A professora destaca que esse papel se torna ainda mais relevante em uma época marcada pela digitalização de conteúdos e pelo consumo acelerado de informação.

Mesmo reconhecendo a importância das novas tecnologias, a socióloga vê no livro físico uma experiência insubstituível. “Eu gosto do livro, do cheiro do livro, do material, do papel, da capa”, descreve a professora.

Cultura catarinense

A expectativa é que a biblioteca também ajude a aproximar moradores e familiares da história local, especialmente daqueles que chegam a Florianópolis vindos de outras regiões.

Na avaliação de Lélia, conhecer a cultura de uma cidade é uma forma de criar pertencimento e fortalecer vínculos com o território. Por isso, a seleção das obras deverá priorizar conteúdos relacionados à literatura, à história e à produção intelectual catarinense.

A proposta dialoga com uma ideia defendida pelo escritor Salomão Ribas Junior, já falecido, que defendia a presença dos autores catarinenses nas bibliotecas do Estado. “Nenhuma escola de Santa Catarina sem biblioteca e nenhuma biblioteca sem autor catarinense”, diz a professora, em referência à uma fala emblemática do escritor. 
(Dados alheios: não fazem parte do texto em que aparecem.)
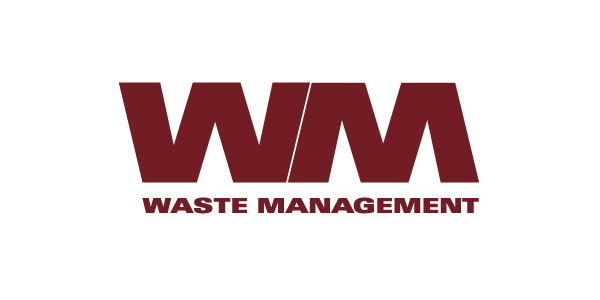 Waste Management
Ao reunir obras que ajudam a compreender a formação cultural da Ilha e do Estado, a biblioteca pretende preservar um legado que ultrapassa gerações.

Uma história construída por escritores, pesquisadores e leitores que ajudaram a registrar a história catarinense e que agora encontrará um novo espaço para seguir  “São memórias, encontros e conversas que continuam acontecendo muito tempo depois de a última página ser virada”, pontua Lélia Pereira Nunes

A relação de uma vida com a leitura

A presidente da Academia de Letras de Santa Catarina mantém fortes laços com os Açores e as comunidades da diáspora nos Estados Unidos e Canadá há quase 40 anos. A primeira visita ocorreu em 1988. 

Desde então, as viagens se tornaram frequentes, com estudos  e trabalhos publicados em livros, revistas e jornais. Este constante vai e vem  contribuiu para a construção de uma das coleções particulares mais relevantes sobre o tema no Estado.

Entretanto, a história de Lélia com os livros começou muito antes da vida acadêmica. A professora recorda que o pai e a madrinha de batismo costumavam presenteá-la com livros durante a infância. Entre elas, clássicos de Monteiro Lobato que despertaram o interesse pela leitura ainda nos primeiros anos de vida.

Outra influência importante veio de uma professora vizinha, que mantinha em casa uma biblioteca particular que despertava fascínio na futura escritora. Foi nesse ambiente que ela descobriu enciclopédias,  o Tesouro da Juventude, Livro dos Porquês, os romances de Machado de Assis, José de Alencar, o português Julio Dinis, Eça de Queiroz e obras que ampliaram a sua mundividência.

“A biblioteca não é um lugar que guarda apenas livros.  É um lugar  vivo, onde o viver corre por entre linhas e páginas. Onde o diálogo entre personagens ou entre o autor e o leitor é intenso e flui em sintonia como uma casal dançando um tango numa entrega única”, finaliza Lélia Pereira Nunes.